Cell loss is greater in HO-2 KO mice
Cortical lesion volume and neuronal density studies were used to histologically quantify injury severity. For both measures, the contralateral hemisphere was used as an internal control. At 14 d after injury, traumatized brains showed a well demarcated cavitation in the cortex (Fig. 4). Occasionally, the lesions involved adjacent hippocampal structures. HO-2 KO mice demonstrated a significantly larger cortical lesion volume than wild-type mice (Fig. 5 A) (0.59 ± 0.07 mm3 in HO-2 KO vs 0.35 ± 0.08 mm3 in HO-2 wild type;t test; p < 0.05).
Neuronal loss in the remaining areas of the brain parenchyma was also characterized (Fig. 5 B). Overt neuronal loss was observed in the ipsilateral peritraumatic cortex, hippocampus, and thalamus. There was a significant reduction in neurons in the cortex adjacent to the cavity in HO-2 KO compared with HO-2 wild-type mice (0.63 ± 0.08 vs 0.84 ± 0.07; t test; p < 0.05). The CA3 region of the hippocampus showed a 26% reduction (0.64 ± 0.07 vs 0.86 ± 0.07; t test; p < 0.05). Similarly, the lateral dorsal thalamus showed a loss of 34% over HO-2 wild-type mice (0.50 ± 0.07 vs 0.77 ± 0.08;t test; p < 0.05). Significant differences in neuronal density in the medial and lateral ventroposterior nuclei of the thalamus were not observed between HO-2 wild-type and HO-2 KO mice. Neuronal loss in this region is attributed to delayed corticothalamic degeneration originating from the parietal cortex. The lack of a statistically significant difference here might be attributable to the relatively short post-injury period of 14 d.

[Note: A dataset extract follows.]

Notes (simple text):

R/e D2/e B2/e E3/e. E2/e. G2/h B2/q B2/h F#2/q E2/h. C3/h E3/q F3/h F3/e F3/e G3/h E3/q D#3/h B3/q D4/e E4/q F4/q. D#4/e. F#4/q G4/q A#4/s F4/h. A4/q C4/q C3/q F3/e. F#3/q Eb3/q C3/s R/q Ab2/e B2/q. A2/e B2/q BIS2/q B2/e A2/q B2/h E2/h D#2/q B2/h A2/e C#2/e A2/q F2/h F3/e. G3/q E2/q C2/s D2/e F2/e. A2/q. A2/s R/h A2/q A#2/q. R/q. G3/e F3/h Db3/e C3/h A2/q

HO-2 KO mice have impaired motor recovery
To assess whether neuronal loss correlated with motor behavior, the standard rotarod assay was performed from days 1 to 14 after injury. Latency, the measure of how long the animal can stay on the rotating rod before falling off, reflects the animal's gross motor capacity. To normalize for inter-animal differences before injury, all post-trauma rotarod latencies were plotted as a percentage of preinjury baselines. During the 3 d preinjury period, no significant difference was found between HO-2 wild-type and knock-out mice on the rotarod (latencies: KO = 173 ± 13 sec; WT = 179 ± 16 sec; p = 0.77), suggesting that there was no baseline gross motor deficit in knock-out animals. After TBI, rotarod performance was significantly reduced in all mice. Over time, however, HO-2 KO mice demonstrated impaired ability to remain on the rotarod when compared with HO-2 wild-type mice (ANOVA; p < 0.001) (Fig. 6 A). Single time-point comparisons revealed significantly diminished performance at 7, 10, and 14 d after injury in HO-2 KO mice versus HO-2 wild-type mice (Bonferroni t test; p < 0.05).

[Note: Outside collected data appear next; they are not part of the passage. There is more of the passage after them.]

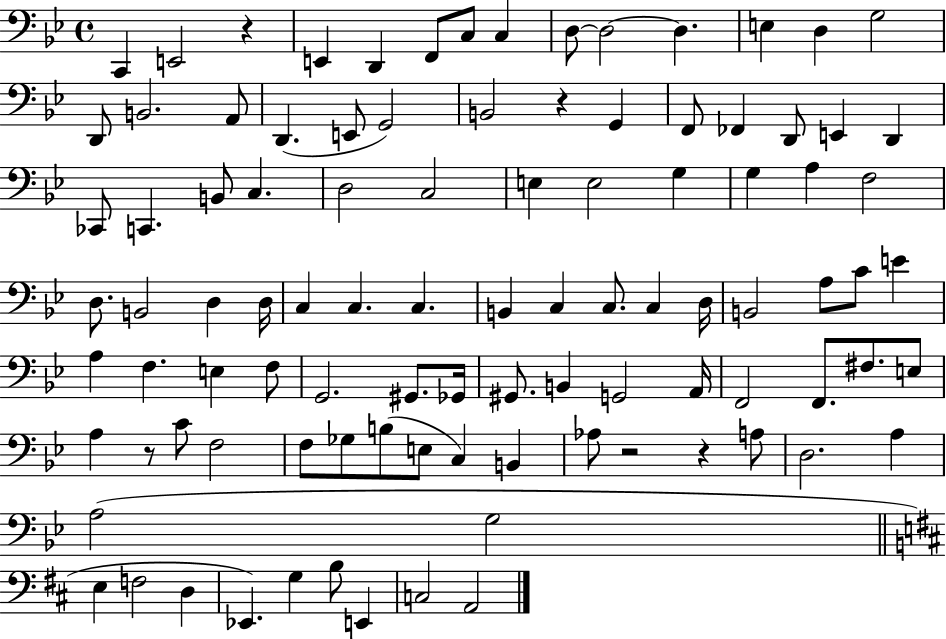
{
  \clef bass
  \time 4/4
  \defaultTimeSignature
  \key bes \major
  \repeat volta 2 { c,4 e,2 r4 | e,4 d,4 f,8 c8 c4 | d8~~ d2~~ d4. | e4 d4 g2 | \break d,8 b,2. a,8 | d,4.( e,8 g,2) | b,2 r4 g,4 | f,8 fes,4 d,8 e,4 d,4 | \break ces,8 c,4. b,8 c4. | d2 c2 | e4 e2 g4 | g4 a4 f2 | \break d8. b,2 d4 d16 | c4 c4. c4. | b,4 c4 c8. c4 d16 | b,2 a8 c'8 e'4 | \break a4 f4. e4 f8 | g,2. gis,8. ges,16 | gis,8. b,4 g,2 a,16 | f,2 f,8. fis8. e8 | \break a4 r8 c'8 f2 | f8 ges8 b8( e8 c4) b,4 | aes8 r2 r4 a8 | d2. a4 | \break a2( g2 | \bar "||" \break \key d \major e4 f2 d4 | ees,4.) g4 b8 e,4 | c2 a,2 | } \bar "|."
} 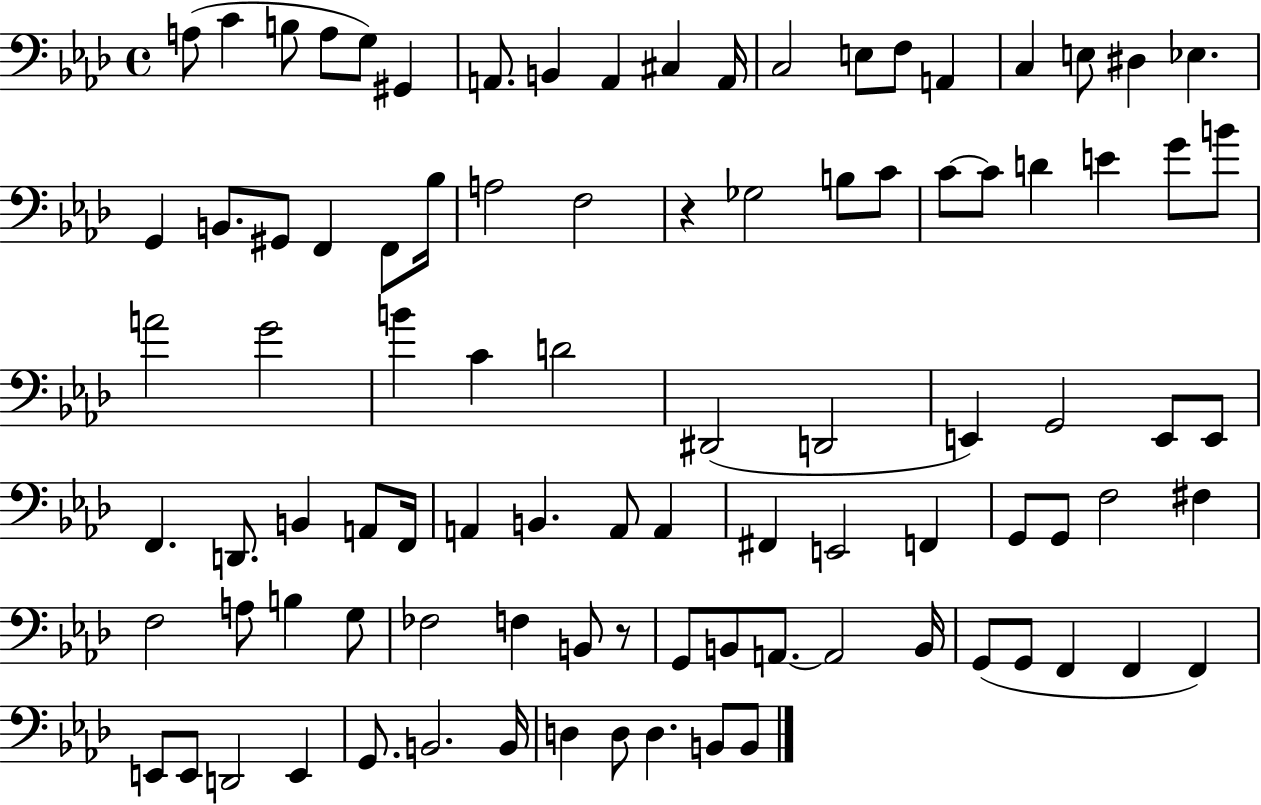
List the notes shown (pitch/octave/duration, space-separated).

A3/e C4/q B3/e A3/e G3/e G#2/q A2/e. B2/q A2/q C#3/q A2/s C3/h E3/e F3/e A2/q C3/q E3/e D#3/q Eb3/q. G2/q B2/e. G#2/e F2/q F2/e Bb3/s A3/h F3/h R/q Gb3/h B3/e C4/e C4/e C4/e D4/q E4/q G4/e B4/e A4/h G4/h B4/q C4/q D4/h D#2/h D2/h E2/q G2/h E2/e E2/e F2/q. D2/e. B2/q A2/e F2/s A2/q B2/q. A2/e A2/q F#2/q E2/h F2/q G2/e G2/e F3/h F#3/q F3/h A3/e B3/q G3/e FES3/h F3/q B2/e R/e G2/e B2/e A2/e. A2/h B2/s G2/e G2/e F2/q F2/q F2/q E2/e E2/e D2/h E2/q G2/e. B2/h. B2/s D3/q D3/e D3/q. B2/e B2/e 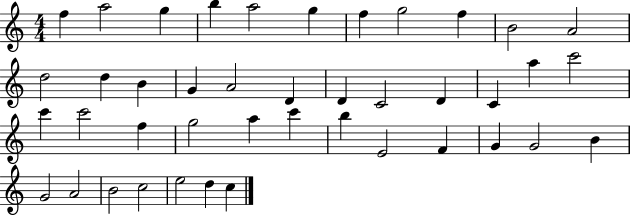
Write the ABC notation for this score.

X:1
T:Untitled
M:4/4
L:1/4
K:C
f a2 g b a2 g f g2 f B2 A2 d2 d B G A2 D D C2 D C a c'2 c' c'2 f g2 a c' b E2 F G G2 B G2 A2 B2 c2 e2 d c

The inclined beam task served as a supplementary behavioral assay. Beam walking depends highly on the integrity of sensorimotor cortical processing, and as expected, all animals demonstrated a high percentage of contralateral hindlimb foot faults in the first few days after brain injury. HO-2 KO mice, however, showed a slower recovery from beam walking deficits than HO-2 +/+ mice (ANOVA; p < 0.001) (Fig. 6 B). On post hoc analysis, a significant difference was found at 7 d after injury (Bonferronit test; p < 0.05). The shorter duration of impairments detected in this test compared with the rotarod might be related to differences in the aspects of behavior tested. The rotarod is involved in gross motor skills and learning, whereas the beam walking task is involved in more subtle motor skills such as fine coordination (Fox et al., 1998, 2001). Furthermore, it is notable that animals continue to improve with rotarod testing, even beyond preinjury levels, whereas many animals on the beam walking task did not achieve preinjury levels by 14 d after injury.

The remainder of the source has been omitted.